Postgres pg_stat_wal_receiver: Monitoring Your Standby Before It Falls Behind

Viewpg_stat_wal_receiverAvailable onStandby servers onlyIntroducedPostgreSQL 9.6Use forStandby-side replication lag monitoring

Most engineers who monitor Postgres replication watch pg_stat_replication on the primary. That view shows you what the primary knows: how far behind each standby is, whether it's streaming, what LSN it last confirmed. It's the right view for operator dashboards and alerting on the primary side.

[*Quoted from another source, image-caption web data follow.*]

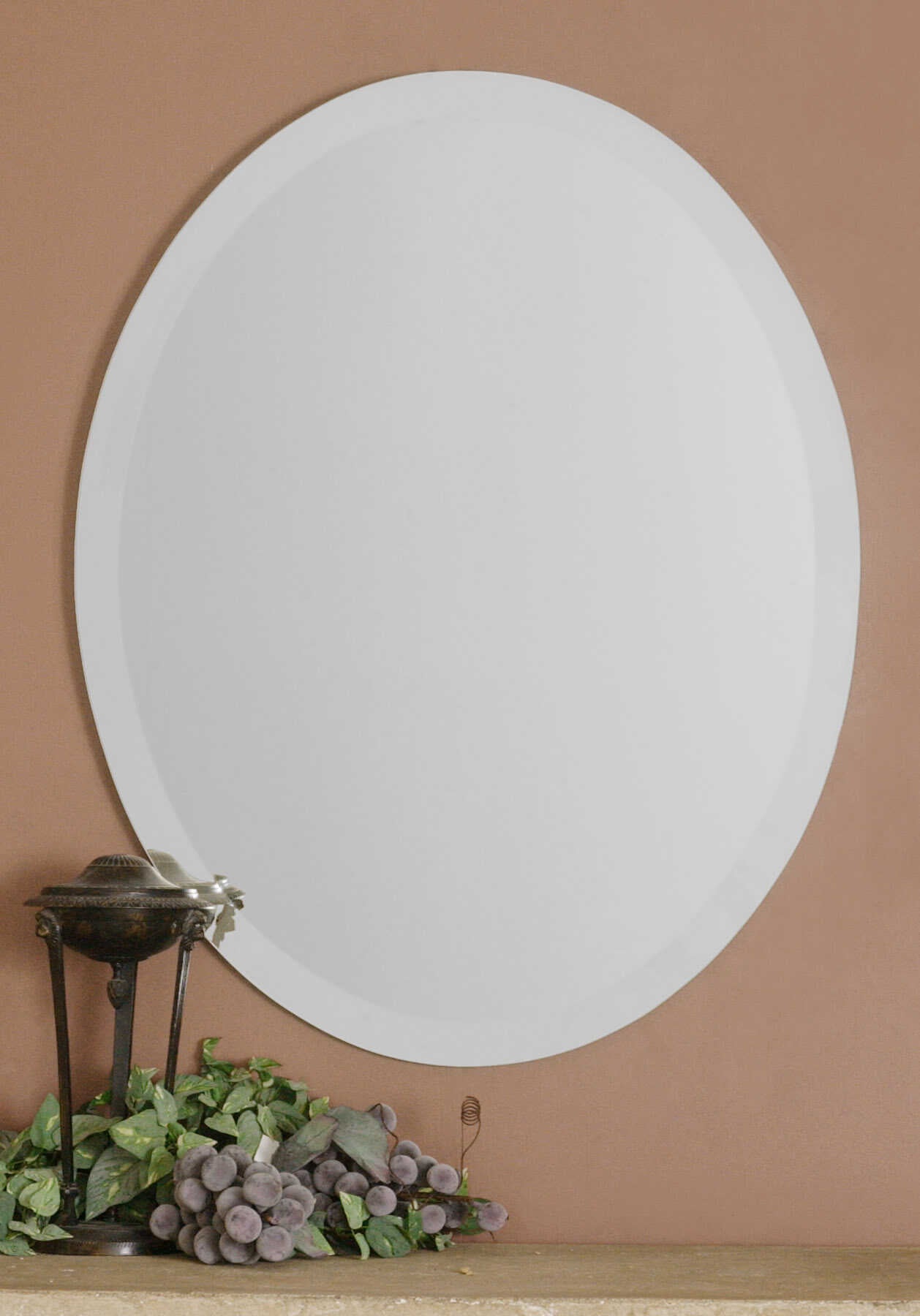 American Home Furniture Uttermost Frameless Vanity Oval Mirror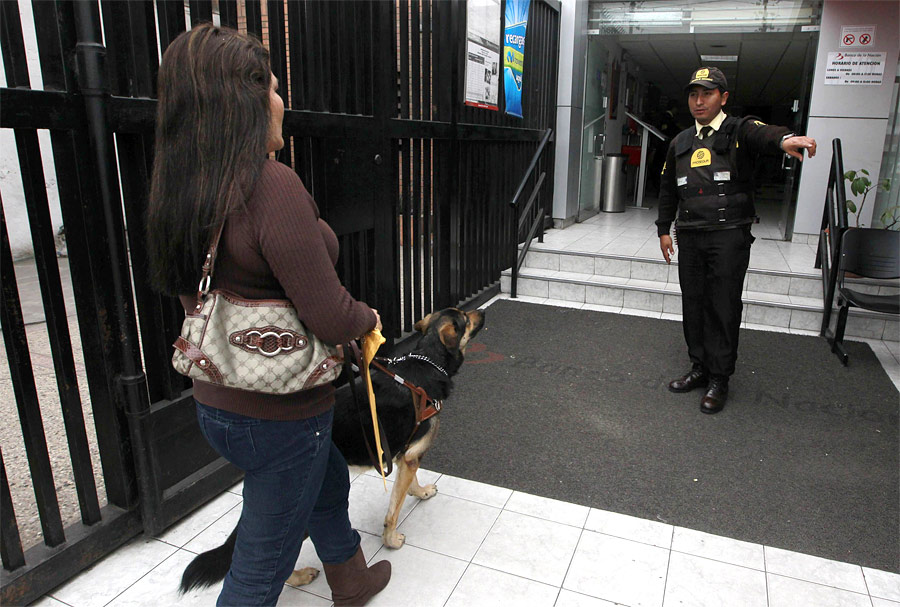 Охранник запрещает Джейн Косар войти в банк с собакой. © Mariana Bazo/Reuters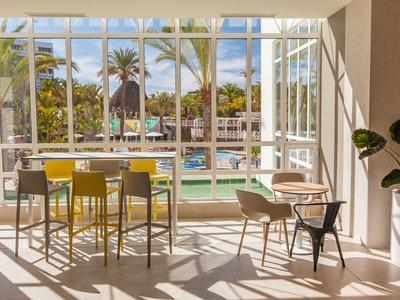 Sala iluminada con asientos y vista a la piscina y palmeras.
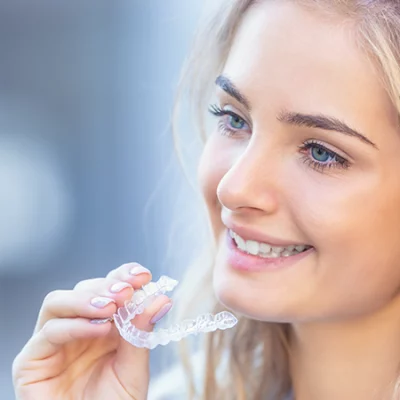 A girl Smiling After Invisalign Treatment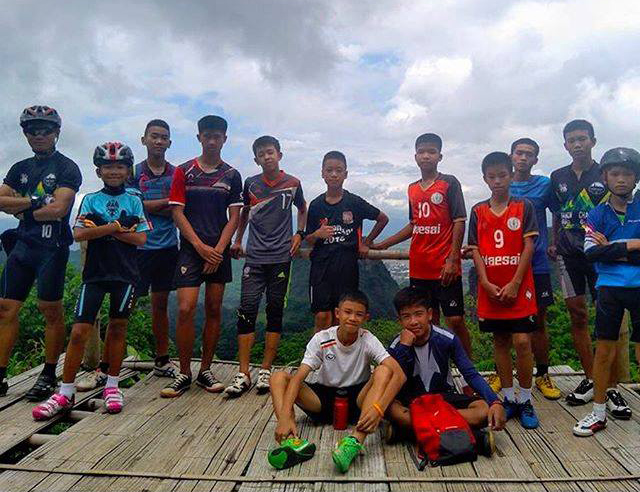 Who are boys and their coach trapped in Thai cave?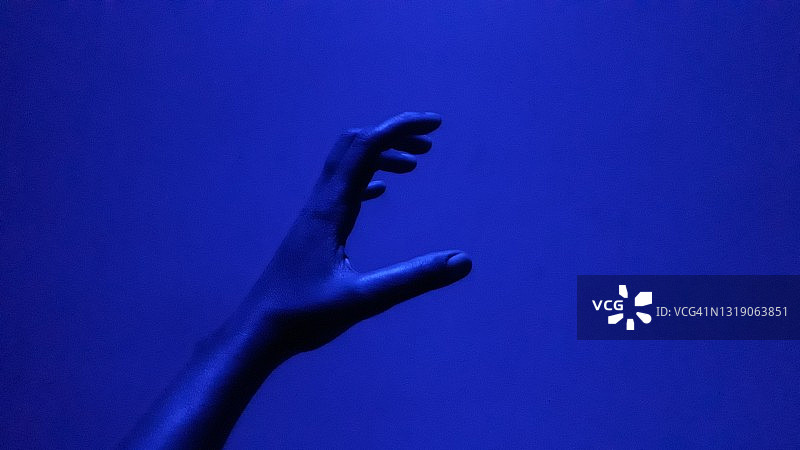 蓝色光晕下的手部姿势图片素材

But pg_stat_wal_receiver is different. It lives on the standby, shows you what the standby knows about its own connection to the primary, and captures failure modes that pg_stat_replication simply cannot see. When your standby loses connectivity and the primary's view shows a dropped row rather than a stale one, pg_stat_wal_receiver is the view that tells you the standby's story.

What the view shows

Run this on a standby server:

SELECT * FROM pg_stat_wal_receiver;

The output has one row (or zero rows if the standby is not connected). Key columns:

status: the current state of the WAL receiver process. Values are starting, streaming, restarting, and stopped. If you're not seeing streaming, something is wrong.
receive_start_lsn: the LSN where this receiver started receiving WAL. Changes on reconnect.
receive_start_tli: the timeline ID at receiver start.
written_lsn: the LSN through which WAL has been written to disk on the standby.
flushed_lsn: the LSN through which WAL has been durably flushed (fsync'd) on the standby.
received_tli: the timeline ID of the most recently received WAL.
last_msg_send_time: when the standby last sent a status message to the primary.
last_msg_receipt_time: when the standby last received a message from the primary.
latest_end_lsn: the LSN of the latest WAL location reported to the primary.
latest_end_time: when latest_end_lsn was last updated.
sender_host and sender_port: where the standby is connected.
conninfo: the connection string used (with password masked).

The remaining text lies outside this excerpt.